** Opening Supplied material block **

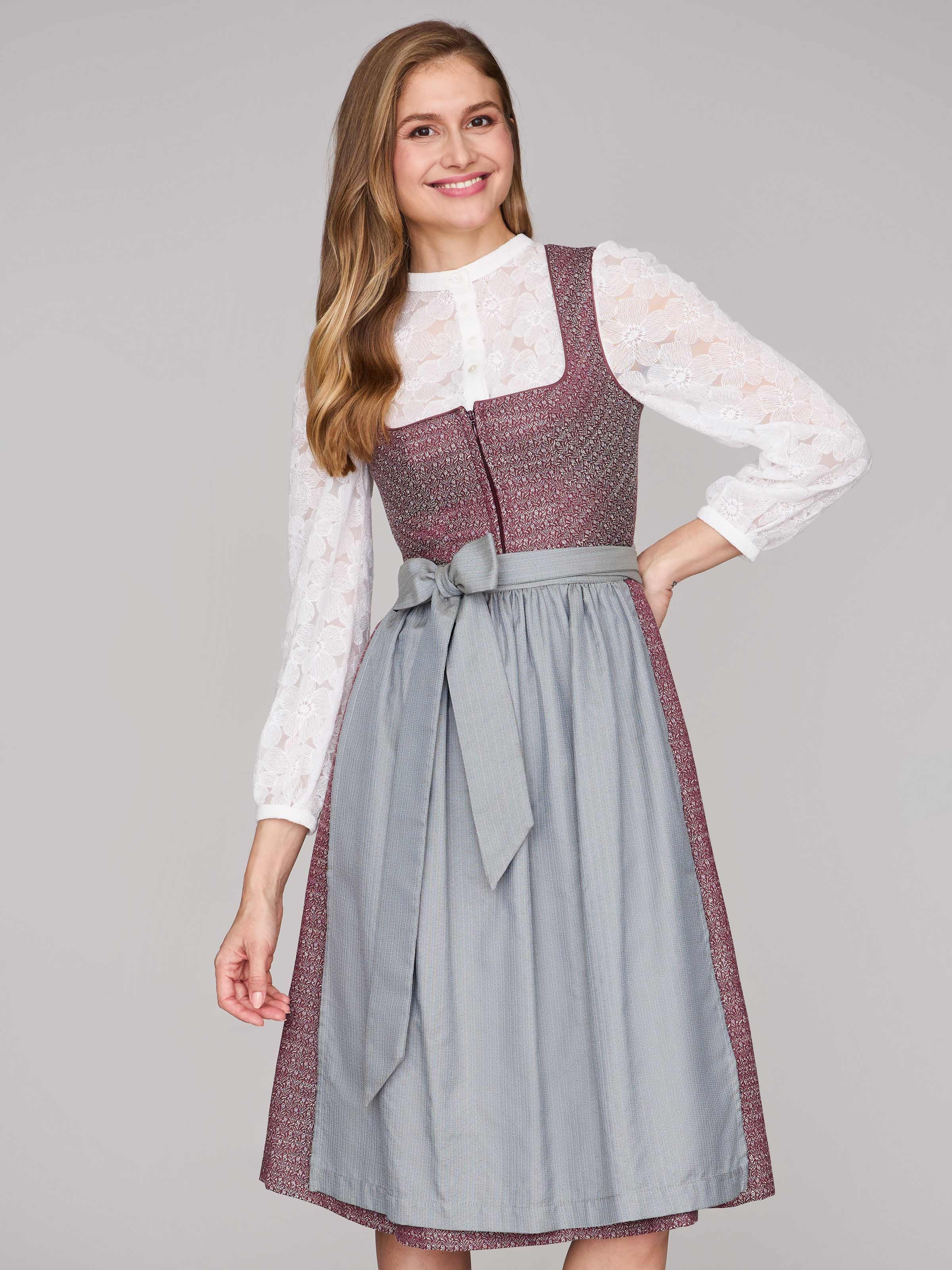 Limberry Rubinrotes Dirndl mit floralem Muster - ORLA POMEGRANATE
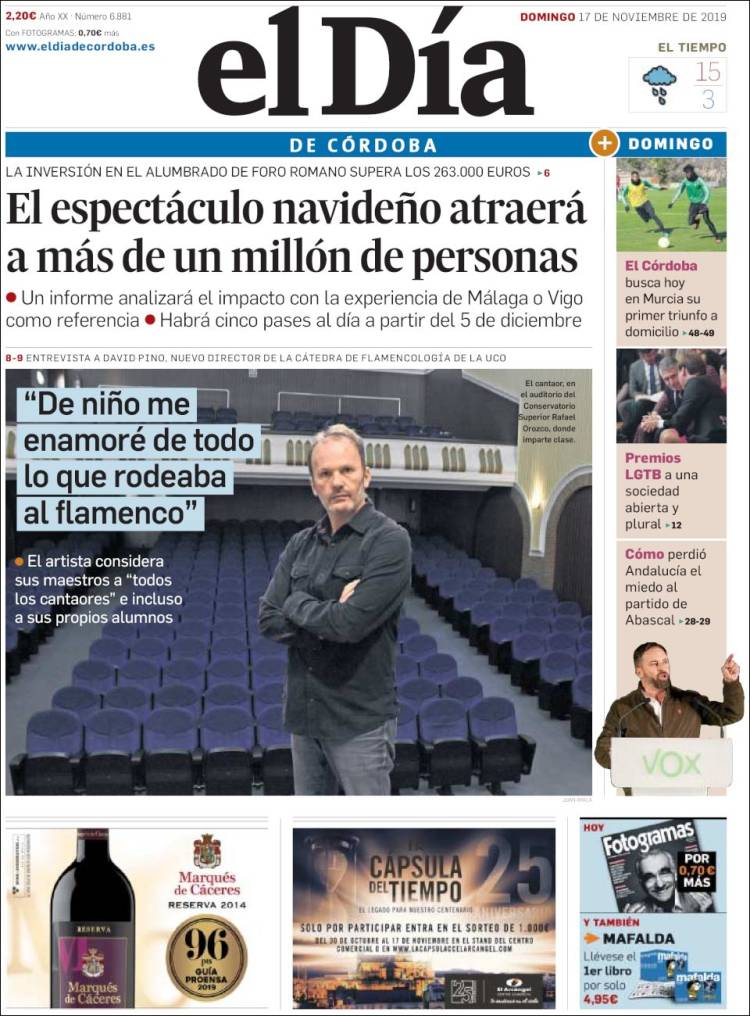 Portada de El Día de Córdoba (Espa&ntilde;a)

** Closing Supplied material block **
** Opening Supplied material block **

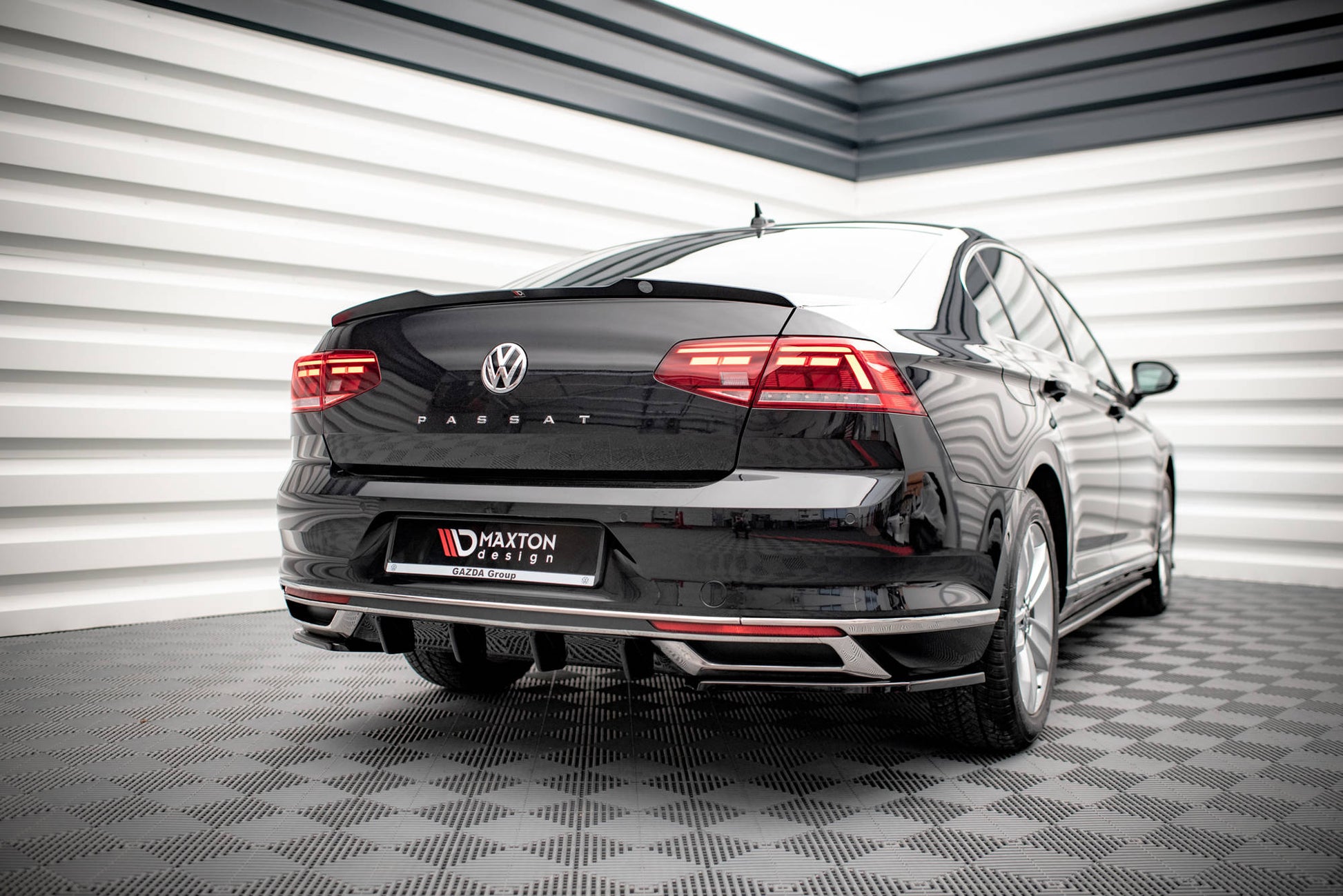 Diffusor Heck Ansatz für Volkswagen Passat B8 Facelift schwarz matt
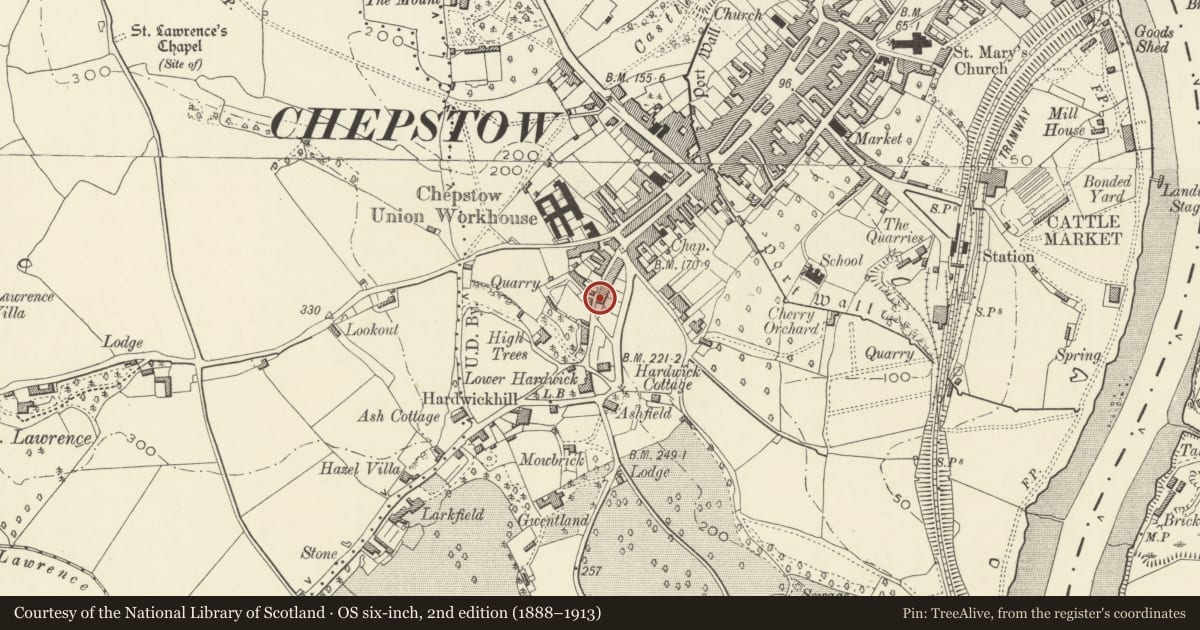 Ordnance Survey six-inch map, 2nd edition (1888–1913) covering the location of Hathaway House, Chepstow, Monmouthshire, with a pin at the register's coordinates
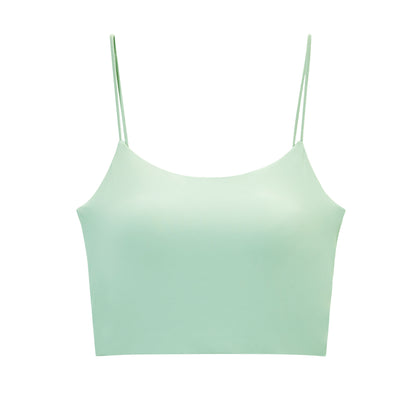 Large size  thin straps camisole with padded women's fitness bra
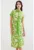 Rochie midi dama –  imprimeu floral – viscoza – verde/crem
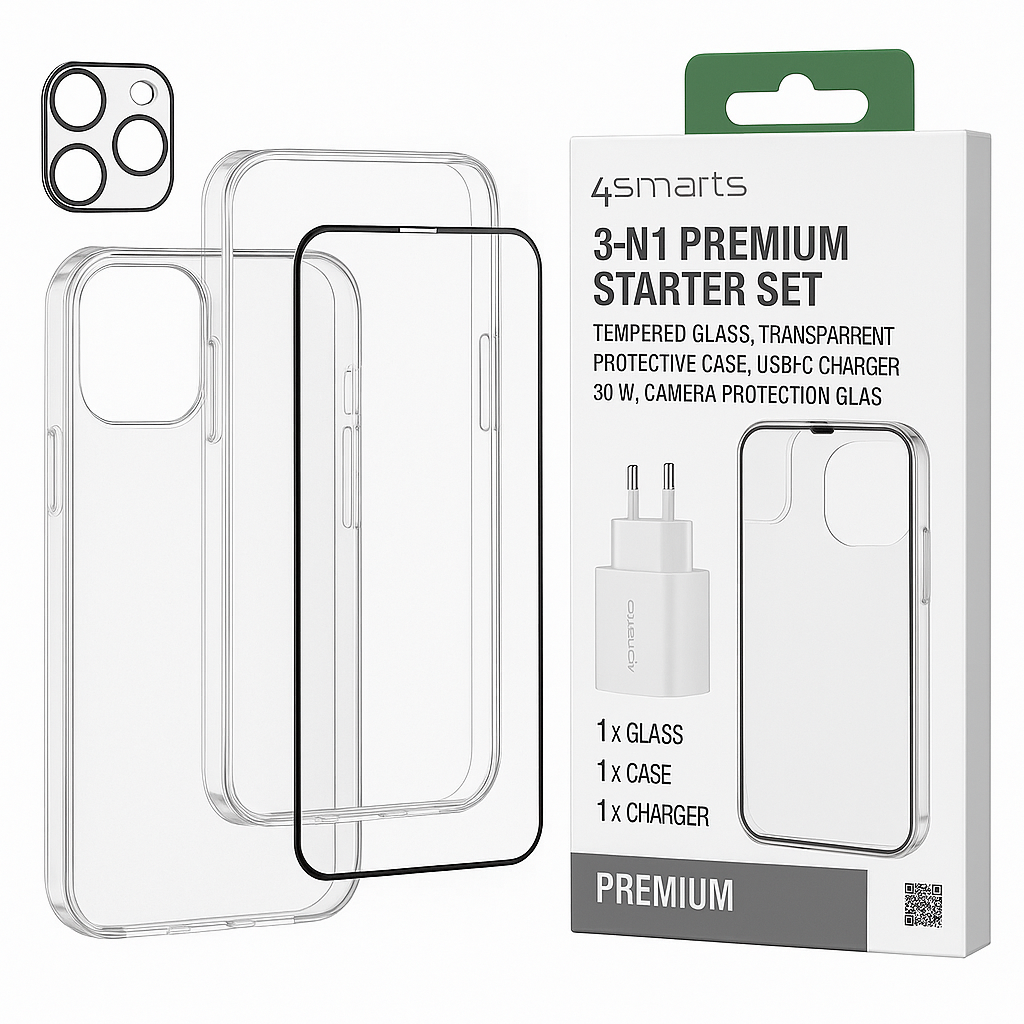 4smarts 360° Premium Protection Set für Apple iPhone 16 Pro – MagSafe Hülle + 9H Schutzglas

** Closing Supplied material block **
** Opening Supplied material block **

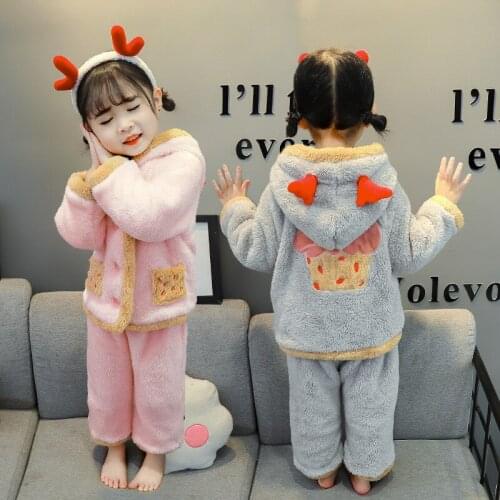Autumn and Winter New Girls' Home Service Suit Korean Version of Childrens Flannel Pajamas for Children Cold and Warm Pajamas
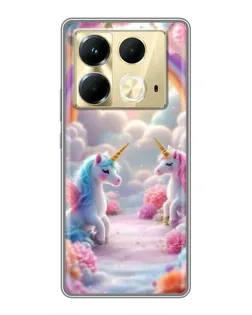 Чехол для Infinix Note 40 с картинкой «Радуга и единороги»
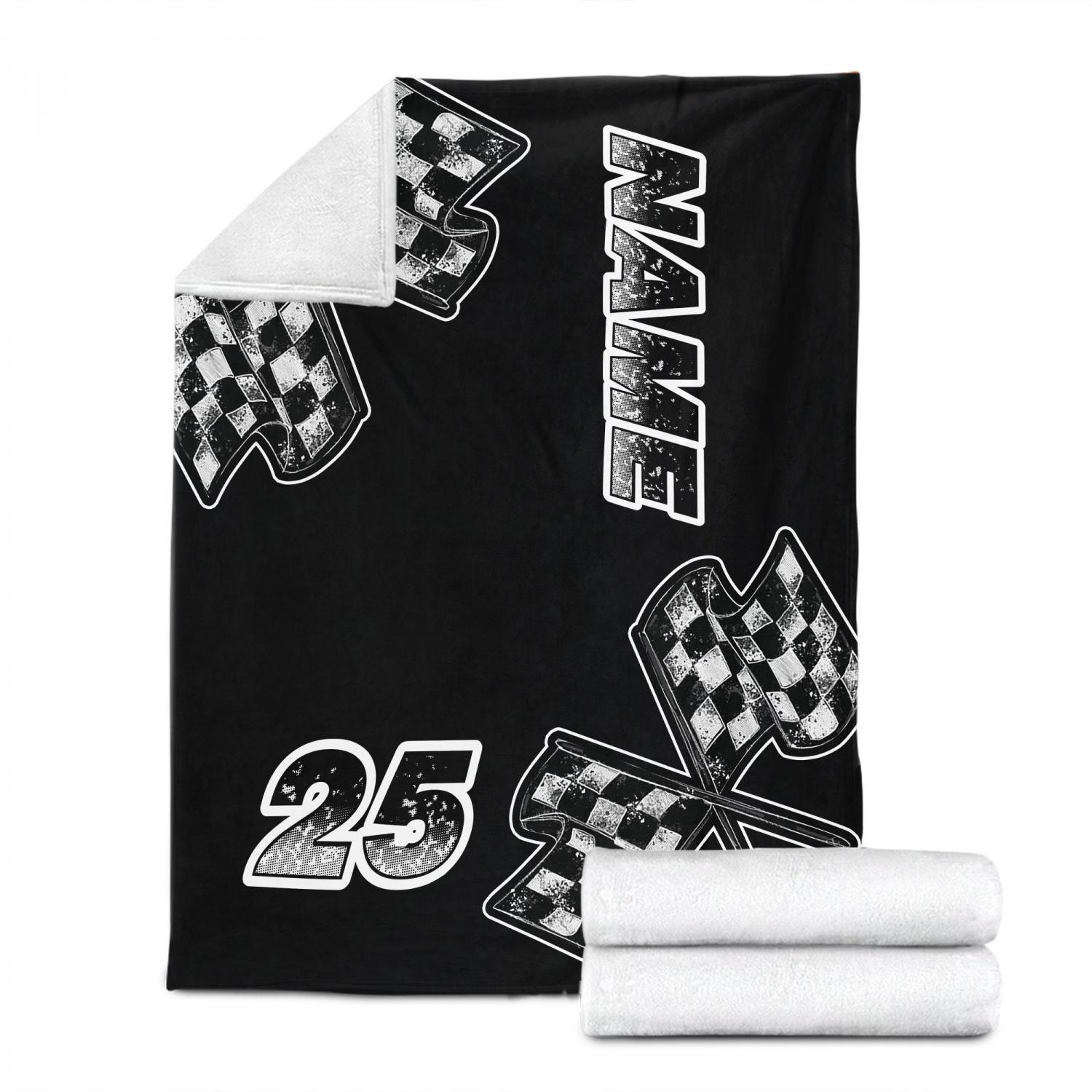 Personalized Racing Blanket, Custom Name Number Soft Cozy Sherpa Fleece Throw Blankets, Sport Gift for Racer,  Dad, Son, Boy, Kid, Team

** Closing Supplied material block **

* _Your assignment_: From the material above, give again exactly the lines from the one that contains "Limberry Rubinrotes Dirndl" through the one that contains "Portada de El Día de Córdoba (Espa&ntilde;a)", and leave out the pictures.

* _Solution_:
 Limberry Rubinrotes Dirndl mit floralem Muster - ORLA POMEGRANATE
 Portada de El Día de Córdoba (Espa&ntilde;a)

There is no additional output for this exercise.